Macon African American High Schools, 1949-1970

 

 

 

Ballard-Hudson High School 1949-1970

Ballard Hudson Senior High School opened in 1949.  The new campus was designed by female architect Ellamae Ellis League, costing 2.5 million dollars. “The school offered three courses of study: academic, vocational, and commercial. Vocational students could study brick masonry, carpentry, auto mechanics, commercial laundry, agriculture, and home economics. Commercial students learned office skills such as typing, shorthand and bookeeping. The school had modern, well-equipped science laboratories and classrooms, and the auditorium seated 2,000. Ballard-Hudson Senior High School open with 55 teachers and 1400 students.” (Brown, page 135)

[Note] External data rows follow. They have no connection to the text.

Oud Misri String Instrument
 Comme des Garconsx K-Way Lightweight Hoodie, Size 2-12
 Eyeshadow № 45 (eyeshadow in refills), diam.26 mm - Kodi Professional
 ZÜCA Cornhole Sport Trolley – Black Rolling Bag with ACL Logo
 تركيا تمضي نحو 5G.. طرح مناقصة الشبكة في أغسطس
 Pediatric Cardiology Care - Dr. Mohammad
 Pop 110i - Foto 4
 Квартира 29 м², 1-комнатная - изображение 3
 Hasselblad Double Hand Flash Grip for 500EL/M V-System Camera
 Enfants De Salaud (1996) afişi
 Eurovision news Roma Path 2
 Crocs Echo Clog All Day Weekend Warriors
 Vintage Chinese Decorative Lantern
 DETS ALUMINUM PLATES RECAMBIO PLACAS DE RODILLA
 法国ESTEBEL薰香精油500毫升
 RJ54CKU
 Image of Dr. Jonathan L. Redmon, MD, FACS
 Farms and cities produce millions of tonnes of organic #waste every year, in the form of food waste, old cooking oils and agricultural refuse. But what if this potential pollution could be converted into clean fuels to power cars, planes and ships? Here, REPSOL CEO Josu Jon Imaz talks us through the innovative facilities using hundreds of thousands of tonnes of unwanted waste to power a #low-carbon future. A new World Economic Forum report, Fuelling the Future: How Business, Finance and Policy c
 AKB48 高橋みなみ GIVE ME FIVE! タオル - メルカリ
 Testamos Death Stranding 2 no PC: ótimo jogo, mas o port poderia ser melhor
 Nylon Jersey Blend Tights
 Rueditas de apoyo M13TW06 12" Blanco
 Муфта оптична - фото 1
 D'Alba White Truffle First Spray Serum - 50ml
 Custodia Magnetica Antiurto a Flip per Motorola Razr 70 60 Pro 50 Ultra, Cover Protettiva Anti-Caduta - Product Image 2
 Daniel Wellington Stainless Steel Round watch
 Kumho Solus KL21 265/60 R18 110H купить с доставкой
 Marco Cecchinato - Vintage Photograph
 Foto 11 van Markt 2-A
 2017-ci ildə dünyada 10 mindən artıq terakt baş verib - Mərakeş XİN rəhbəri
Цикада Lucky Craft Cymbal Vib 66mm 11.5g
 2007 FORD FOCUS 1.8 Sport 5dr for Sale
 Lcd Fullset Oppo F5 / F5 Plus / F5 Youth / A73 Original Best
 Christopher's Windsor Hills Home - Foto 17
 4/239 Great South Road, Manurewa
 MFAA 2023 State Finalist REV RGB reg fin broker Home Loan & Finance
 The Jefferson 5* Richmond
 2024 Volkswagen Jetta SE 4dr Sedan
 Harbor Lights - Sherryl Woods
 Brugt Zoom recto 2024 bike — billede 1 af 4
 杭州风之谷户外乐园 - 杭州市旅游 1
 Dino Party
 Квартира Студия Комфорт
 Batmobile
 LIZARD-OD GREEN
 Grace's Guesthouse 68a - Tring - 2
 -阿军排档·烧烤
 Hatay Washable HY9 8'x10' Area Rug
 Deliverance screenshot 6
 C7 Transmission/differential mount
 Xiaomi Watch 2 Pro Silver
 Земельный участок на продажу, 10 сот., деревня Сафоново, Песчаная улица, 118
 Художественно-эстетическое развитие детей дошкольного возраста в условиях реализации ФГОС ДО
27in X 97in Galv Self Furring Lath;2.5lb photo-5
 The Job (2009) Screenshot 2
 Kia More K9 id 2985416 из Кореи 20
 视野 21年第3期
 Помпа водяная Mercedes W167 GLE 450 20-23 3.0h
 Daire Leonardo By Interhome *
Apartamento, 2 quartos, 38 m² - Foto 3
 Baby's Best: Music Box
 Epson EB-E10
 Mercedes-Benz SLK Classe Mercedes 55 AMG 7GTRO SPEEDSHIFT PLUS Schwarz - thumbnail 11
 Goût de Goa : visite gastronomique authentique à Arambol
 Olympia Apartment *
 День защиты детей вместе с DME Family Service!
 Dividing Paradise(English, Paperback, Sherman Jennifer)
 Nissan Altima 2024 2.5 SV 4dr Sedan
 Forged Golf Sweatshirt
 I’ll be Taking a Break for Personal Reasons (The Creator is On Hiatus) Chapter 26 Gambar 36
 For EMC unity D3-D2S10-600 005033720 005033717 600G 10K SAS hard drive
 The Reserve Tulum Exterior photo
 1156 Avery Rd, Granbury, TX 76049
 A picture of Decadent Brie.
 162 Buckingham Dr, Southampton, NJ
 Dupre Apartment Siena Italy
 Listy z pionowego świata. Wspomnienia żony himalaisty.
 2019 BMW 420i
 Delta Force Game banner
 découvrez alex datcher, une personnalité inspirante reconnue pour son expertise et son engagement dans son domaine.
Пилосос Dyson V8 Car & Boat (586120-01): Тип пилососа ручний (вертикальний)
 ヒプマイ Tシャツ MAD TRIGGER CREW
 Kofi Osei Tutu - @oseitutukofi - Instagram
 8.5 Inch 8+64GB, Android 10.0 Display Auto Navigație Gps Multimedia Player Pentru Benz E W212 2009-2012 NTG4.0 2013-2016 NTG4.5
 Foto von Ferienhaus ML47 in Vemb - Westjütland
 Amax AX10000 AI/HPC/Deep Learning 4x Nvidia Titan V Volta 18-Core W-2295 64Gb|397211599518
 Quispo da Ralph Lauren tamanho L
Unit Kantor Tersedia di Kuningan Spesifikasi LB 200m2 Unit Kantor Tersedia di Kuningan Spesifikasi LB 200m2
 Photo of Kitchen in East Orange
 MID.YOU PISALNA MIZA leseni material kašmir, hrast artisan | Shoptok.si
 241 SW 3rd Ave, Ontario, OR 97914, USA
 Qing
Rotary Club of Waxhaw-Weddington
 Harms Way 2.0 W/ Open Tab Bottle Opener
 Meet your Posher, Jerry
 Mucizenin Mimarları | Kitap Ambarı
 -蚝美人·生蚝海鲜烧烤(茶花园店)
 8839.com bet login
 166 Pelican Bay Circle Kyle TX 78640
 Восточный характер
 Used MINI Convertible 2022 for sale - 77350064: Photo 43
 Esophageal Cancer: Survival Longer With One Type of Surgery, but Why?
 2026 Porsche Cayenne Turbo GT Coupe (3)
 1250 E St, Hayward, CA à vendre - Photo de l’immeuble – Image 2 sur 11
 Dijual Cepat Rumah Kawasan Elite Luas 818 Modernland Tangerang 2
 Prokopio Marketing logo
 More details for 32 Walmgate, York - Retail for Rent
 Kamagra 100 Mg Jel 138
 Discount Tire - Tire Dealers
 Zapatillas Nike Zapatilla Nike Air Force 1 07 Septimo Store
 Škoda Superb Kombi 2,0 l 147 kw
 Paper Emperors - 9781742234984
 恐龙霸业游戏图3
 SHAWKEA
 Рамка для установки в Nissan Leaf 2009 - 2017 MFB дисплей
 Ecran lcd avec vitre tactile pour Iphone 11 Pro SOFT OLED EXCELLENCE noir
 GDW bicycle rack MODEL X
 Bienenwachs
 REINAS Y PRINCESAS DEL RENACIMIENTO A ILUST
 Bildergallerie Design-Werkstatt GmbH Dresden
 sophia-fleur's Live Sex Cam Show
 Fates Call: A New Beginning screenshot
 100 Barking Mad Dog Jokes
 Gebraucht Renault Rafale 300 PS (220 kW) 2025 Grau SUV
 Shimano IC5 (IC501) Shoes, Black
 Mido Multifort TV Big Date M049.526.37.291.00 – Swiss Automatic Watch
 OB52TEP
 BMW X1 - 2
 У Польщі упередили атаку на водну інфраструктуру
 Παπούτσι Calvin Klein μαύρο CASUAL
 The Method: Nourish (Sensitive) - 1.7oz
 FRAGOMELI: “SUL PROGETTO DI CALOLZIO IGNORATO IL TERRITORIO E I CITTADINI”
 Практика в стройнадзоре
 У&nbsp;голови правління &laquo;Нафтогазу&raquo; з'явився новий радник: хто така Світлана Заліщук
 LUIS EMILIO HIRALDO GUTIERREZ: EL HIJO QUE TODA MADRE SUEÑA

Peter G. Appling High School 1958-1970

In 1958, Peter G. Appling High School opened to alleviate overcrowding at Ballard-Hudson Senior High School. African American students living on the east side of the river were sent to there. The school was named for the last principal of Hudson High School, Peter G. Appling who died in 1948.

Integration

By 1971, Bibb County had integrated  the junior and senior high schools in Bibb County were combined into complexes, with Ballad-Hudson junior and senior high schools going into the Southwest High School Complex, and Peter G. Appling junior and senior high schools into the Northeast High School Complex.  At one point in the 1960s, the board looked into adding a third African American high school, but the integration of schools made it no longer necessary. The students who would have attended the third high school were sent to the Central High School Complex. The buidling names were retained within the complex system.